▸ **WHAT THIS TASK INVOLVES**:
In the copy, leave out the pictures and repeat all records exactly.

▸ **THE INPUT**:

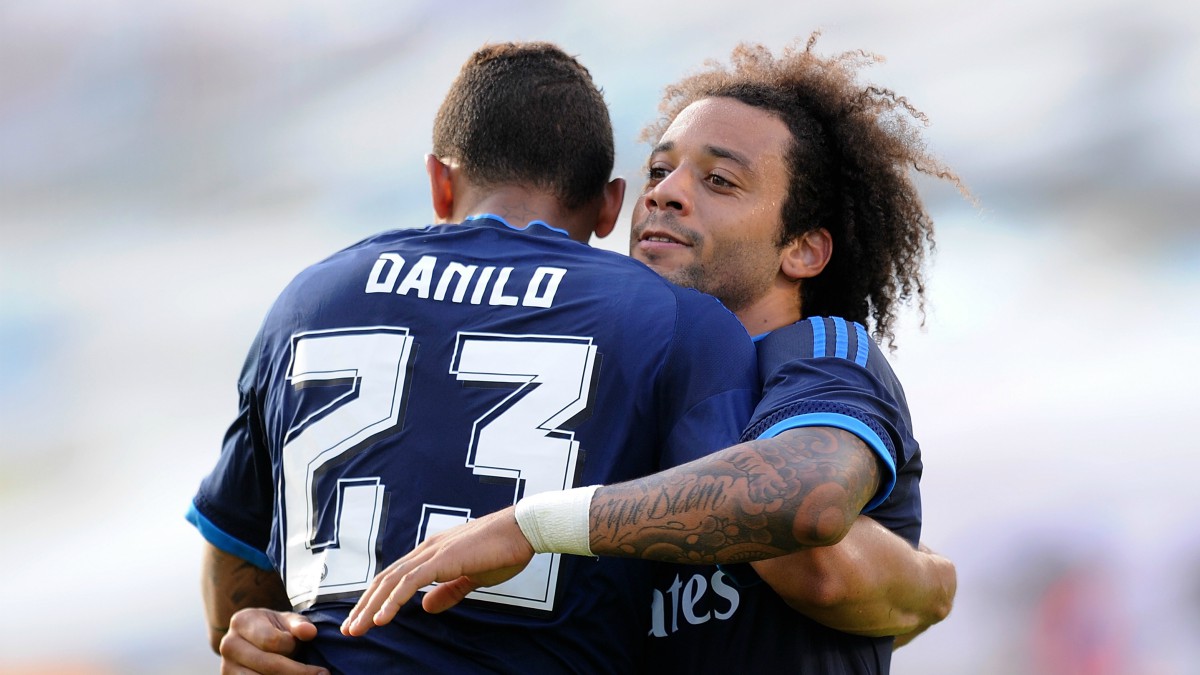 Marcelo y Danilo celebran un gol con el Real Madrid. (Getty)
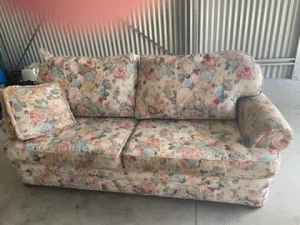 Floral Patterned couch with couch bed included 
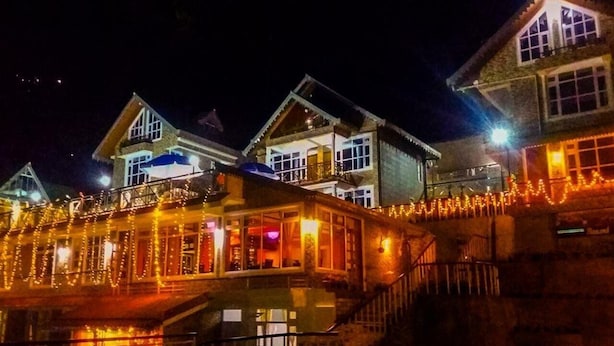 A multi-story building with a covered walkway and stairs leading to the entrance. - Udaan Alpine Resort & Chongeytar (Gangtok)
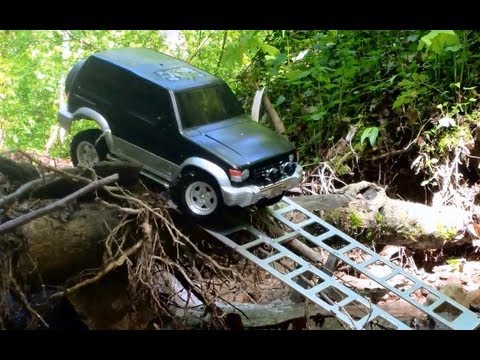 SCALE RC TRUCKS wading through water.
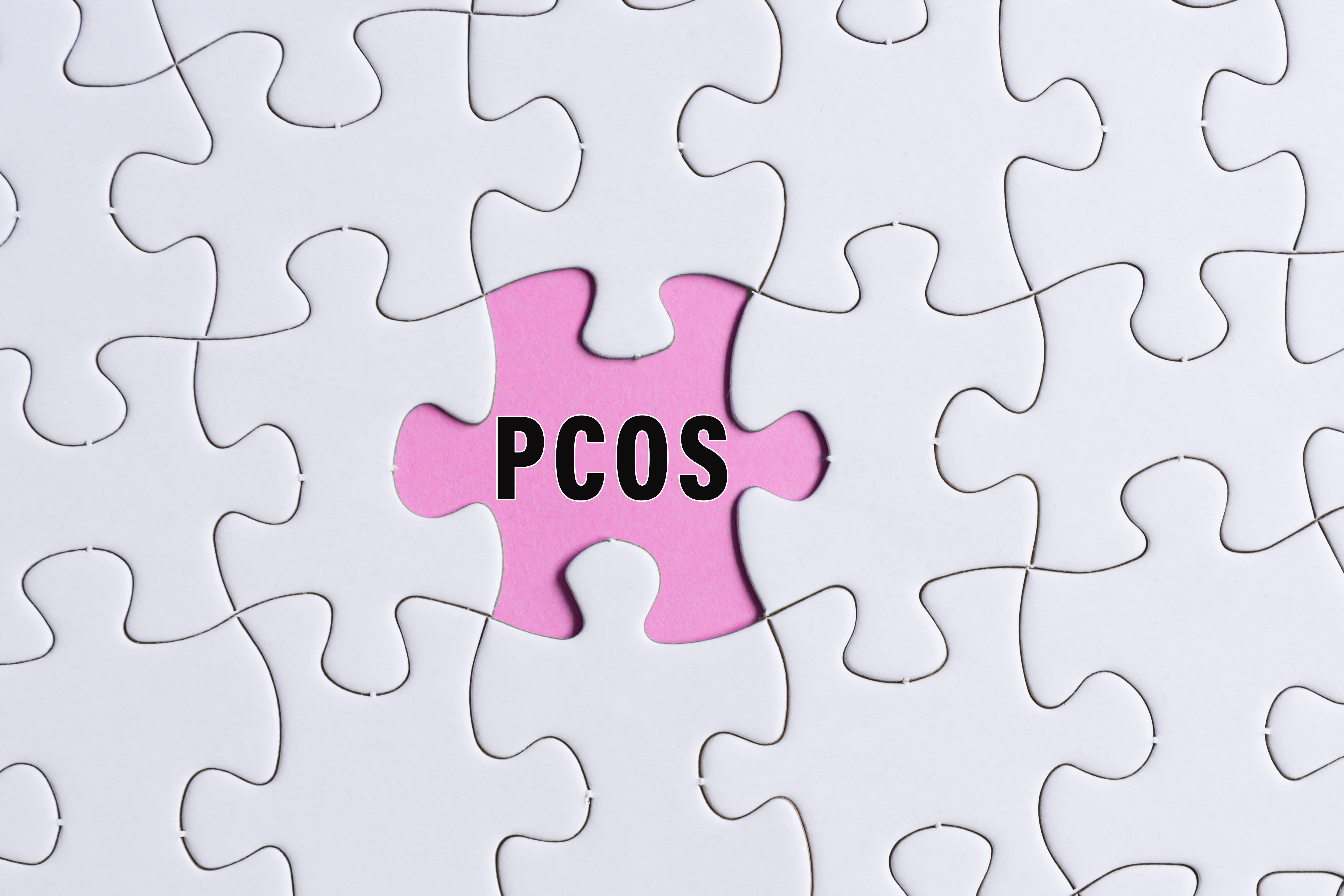 Sindrom policističnih jajčnikov (PCOS) uradno preimenovan v PMOS: Zakaj je to pomembno? PCOS text on white jigsaw puzzle over pink background. Polycystic Ovary Syndrome Health Care concept.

▸ **TASK ANSWER**:
 Marcelo y Danilo celebran un gol con el Real Madrid. (Getty)
 Floral Patterned couch with couch bed included 
 A multi-story building with a covered walkway and stairs leading to the entrance. - Udaan Alpine Resort & Chongeytar (Gangtok)
 SCALE RC TRUCKS wading through water.
 Sindrom policističnih jajčnikov (PCOS) uradno preimenovan v PMOS: Zakaj je to pomembno? PCOS text on white jigsaw puzzle over pink background. Polycystic Ovary Syndrome Health Care concept.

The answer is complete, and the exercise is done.